Opinion

RADIA: Dix's political donations plan is a gimmick to benefit NDP

FACE TO FACE: Should union and corporate political donations be banned?

So, the NDP’s Adrian Dix wants to follow the lead of the federal government and ban all union and corporate donations to political parties.

Surprise, surprise, the new plan would help the NDP.

According to The Province, in 2012, the BC Liberals raised approximately $10 million compared to the NDP’s $7 million. With Dix’s plan, however, the NDP would have the advantage with $5.4 million raised compared to the BC Liberals’ $5 million.
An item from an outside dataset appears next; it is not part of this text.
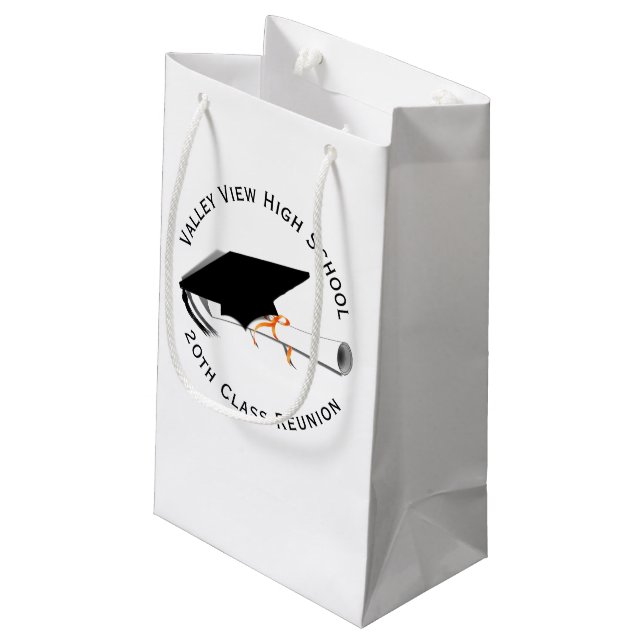 Grad Cap High School Class Reunion Small Gift Bag (Back Angled)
If we believe Dix, his proposed rules would limit “special interests” from yielding too much influence. But maybe Dix needs to look at the national scene to see how the unions try to circumvent the intent of these rules.

Last May, the Public Service Alliance of Canada (PSAC) — Canada’s largest public sector union — added a 26-cent monthly “tax” to its members’ union dues to boost the union’s war chest for political action campaigns.

In May, the union marched on Parliament Hill wearing “Stephen Harper hates me”  t-shirts and buttons. In September, PSAC commissioned an airplane to fly over Parliament Hill with a banner that read “Stephen Harper nous déteste.ca” (translated as “Stephen Harper hates us.ca”). And now it is producing a series of videos highlighting services that will be nixed as a result of government budget and job cuts.

So, yes, the unions aren’t donating to the political parties but they’re doing their own dirty work. The same could happen in British Columbia.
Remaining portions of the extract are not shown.